The rains and mist were on and off all day, the winds whipping across the unsheltered sections as I climbed, grateful for having purchased a rain cape before leaving St Jean Pied du Port. I met many people on this day, and look forward to meeting up with them along the route, for this is the way of the pilgrim.
When there were views, they were spectacular. The land fell away to farm and pasture land – occasional bursts of sunlight shining as if a spotlight had been lit to showcase a village down below. When the weather came up, I can see how easily one could lose their way. At one stage, trying to take a photo of the stunning scene that lay itself out in front of me, I pulled my camera out of my case only to find the clouds had rushed in and the scene was quite different, almost gone in the time it took to take it out! I took the picture anyway – completely different from what I had imagined it to be, yet a perfect depiction of the conditions that prevailed all day.
Once over the col (highest point at 1,450m), it was a serious descent – so steep that even on foot, I had to zigzag my way down, ever so careful to not turn my ankle on this technical part to the day. They say that may pilgrims are injured here – the fatigue of a long day of walking making them prone to trips and falls. It was a tough descent – once again I was glad to only have my small day pack.
Roncesvalles was a sight for weary bodies and souls. I arrived at the albergue and shuffled inside. It is customary to remove your boots when entering the albergues, and I would have loved to have my sandals in my day pack – the cobbles were hard on my tired feet, with only socks to protect them. The municipal albergue was a dream – built in 2011, it was new and modern, with bunks grouped into small groups of 4, lockers available to house your belongings. I had spent part of the day hiking around 2 other pilgrims, and we instantly became friends, learning the pilgrim process, sharing our bunk space and reserving for dinner. The pilgrims dinner was amazing – a 3 course affair designed to fuel us for the day ahead.
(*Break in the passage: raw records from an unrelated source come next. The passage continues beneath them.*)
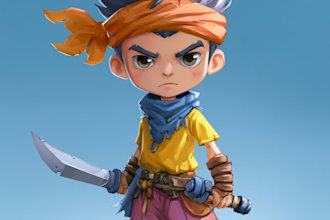 draw 2d game character or 2d game character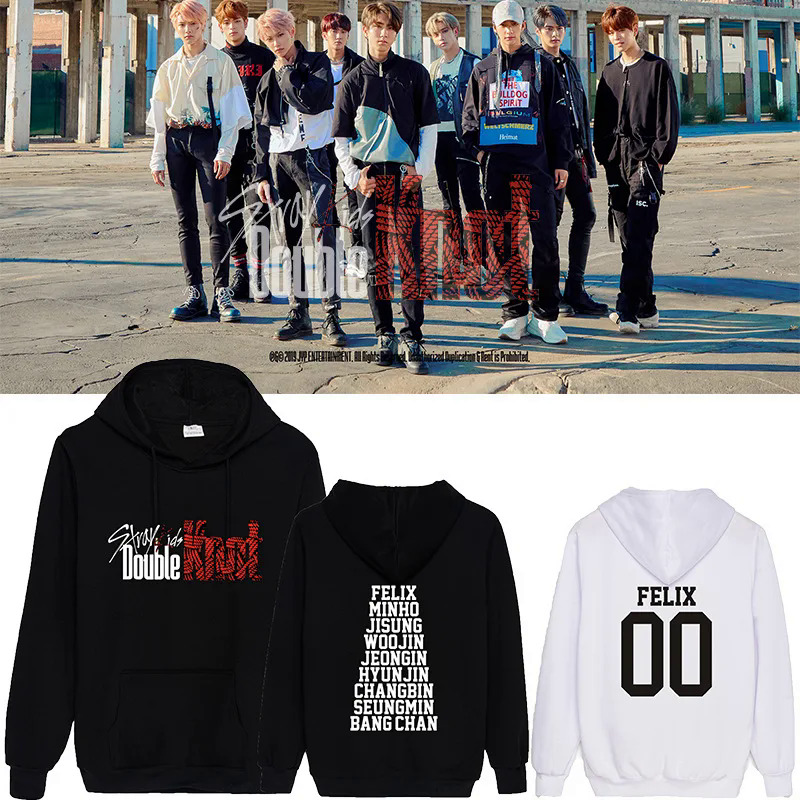 Kpop Stray Kids Double Knot New Logo New Album Bangchan Felix Hyunjin Jeongin All Menber name Sweatshirt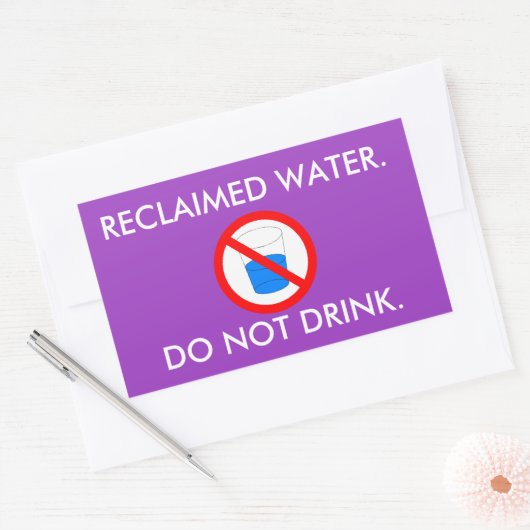 埋め込み水記号の長方形のシール 長方形シール (封筒)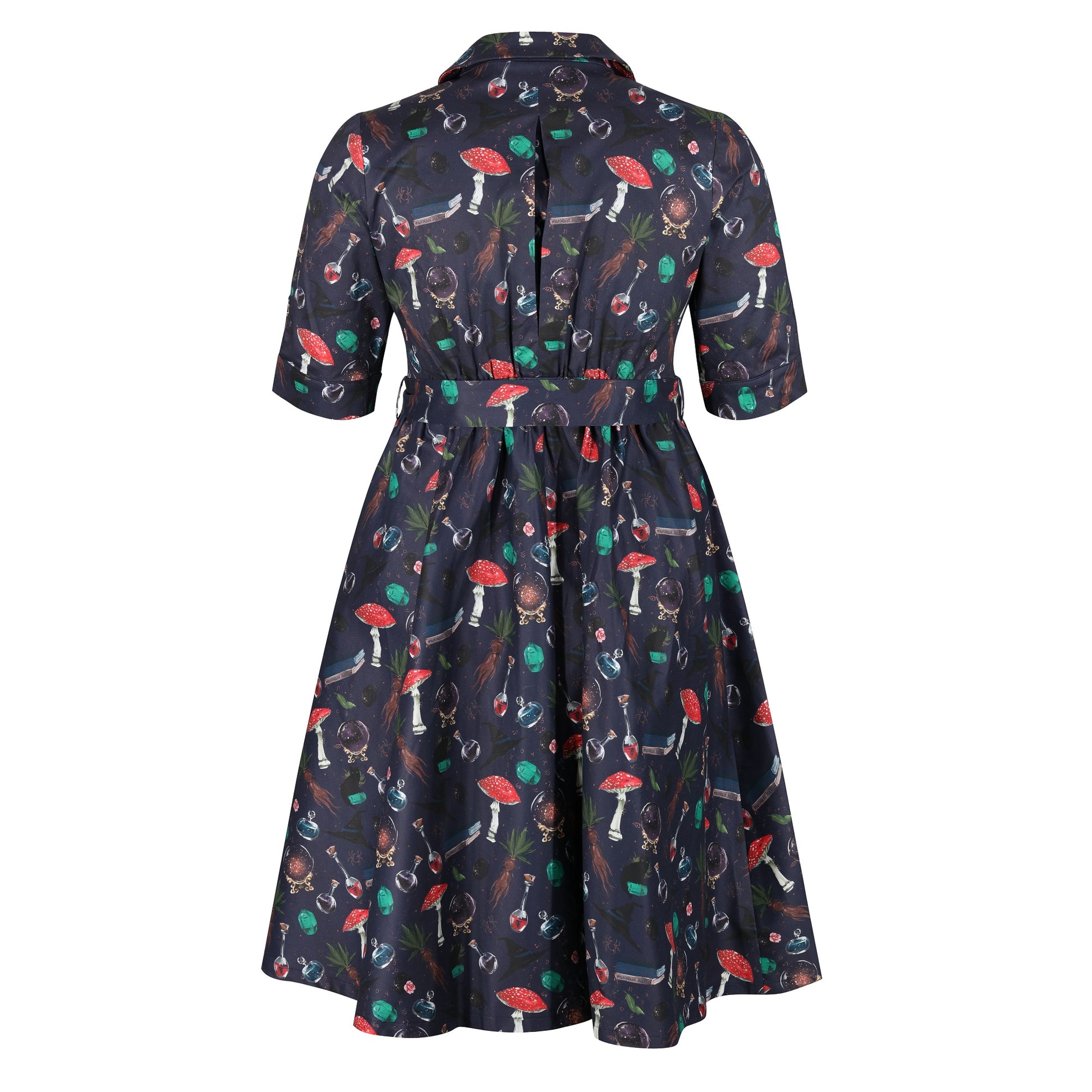Plus-Size-Witchcraft-Print-Cotton-Shirt-Dress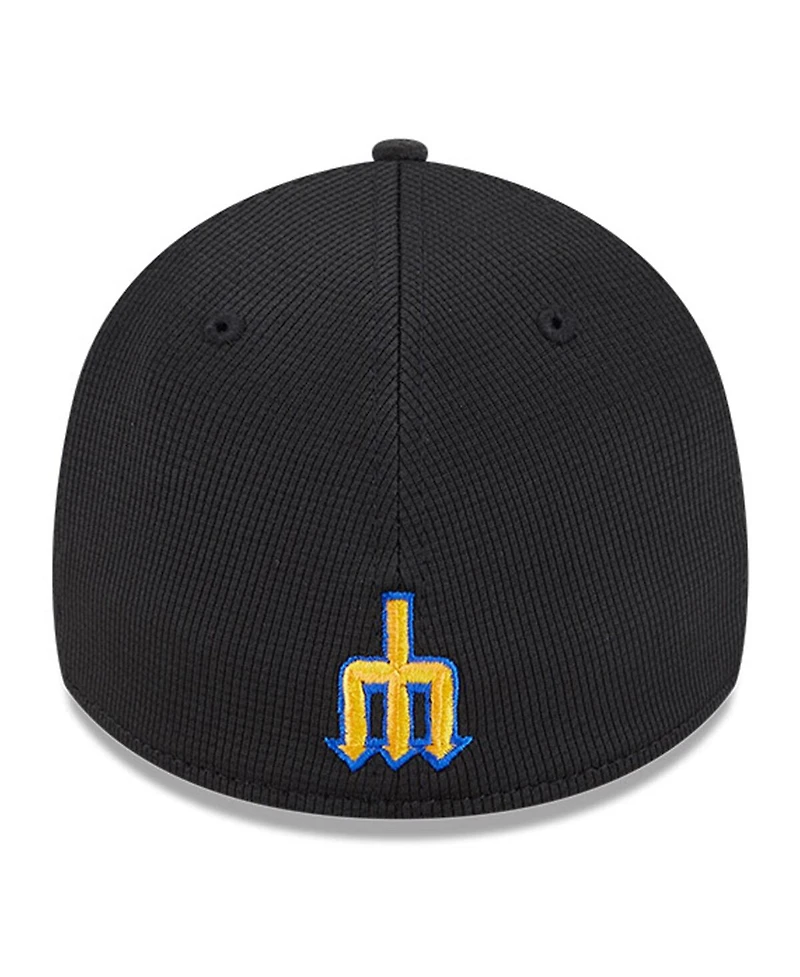 New Era Men's Black Seattle Mariners City Connect Batting Practice 39THIRTY Flex Hat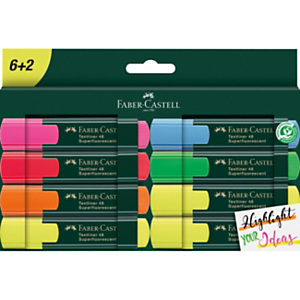 FABER-CASTELL Evidenziatore Textliner 48 Superfluorescent, Punta a scalpello, Tratto 1 - 5 mm, Colori Assortiti (confezione 8 pezzi) FABER-CASTELL Evidenziatore Textliner 48 Superfluorescent, Punta a scalpello, Tratto 1 - 5 mm, Colori Assortiti (confezione 8 pezzi)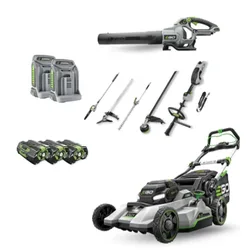 מבצע לגננים (1) 2026 - קומבי קרבון פייבר+ סט מכסחת נטענת 56V נסיעה עצמית 52 ס"מ+ מפוח + סוללה 6.0Ah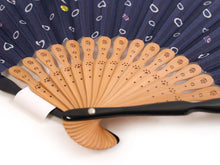 画像をギャラリービューアに読み込む, 扇子 扇子袋 2点セット レディース 紺 猫 鈴 箱入り エコ ギフト プレゼント 春 夏 母の日 婦人 女性 女 京扇子 せんす y2 送料無料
One day in, and I feel like a new person – the simplicity of life on the Camino setting into my soul as I walk – one foot in front of the other, a time for reflection and slowing down.
In all, it was 27 kms to Roncesvalles….., however the John Brierly guidebook suggests it feels more like 29 kms when you factor in the climbing. The day took me 8 hours with few stops. The view of the ancient church and town of Roncesvalles gave me much joy when I arrived – I had done it – I had made it through the first day of the Camino. My feet were thankfully intact, as many are plagued by blisters, but a new pain had cropped up in my left knee. Definitely something to worry about as this was only day 1, and I had not even carried my full pack. The pain was unlike any I had had before. The guide books warn of not overdoing it in the early days, as the body adjusts and the muscles develop. I am not sure that I overdid it – with no overnight options past Orisson and no large pack to carry, I felt I had played it relatively safe! Only time will tell as I continue the journey – will I be forced to rest and recover, or will I be able to continue, taking more rests as I walked throughout the day?
While the destination is Santiago de Compostela, on the pilgrimage, it is the journey that counts.
(Editor’s note: sadly, the good camera did not make it through – perhaps the mist and damp getting into the electronics. Photo are limited – thankfully I also carried a point and shoot. A post with the views from day one will follow, but only after the Camino is finished!)
Day 1 of the Camino de Santiago was a baptism by fire – the beauty and the physical test will be hard to beat!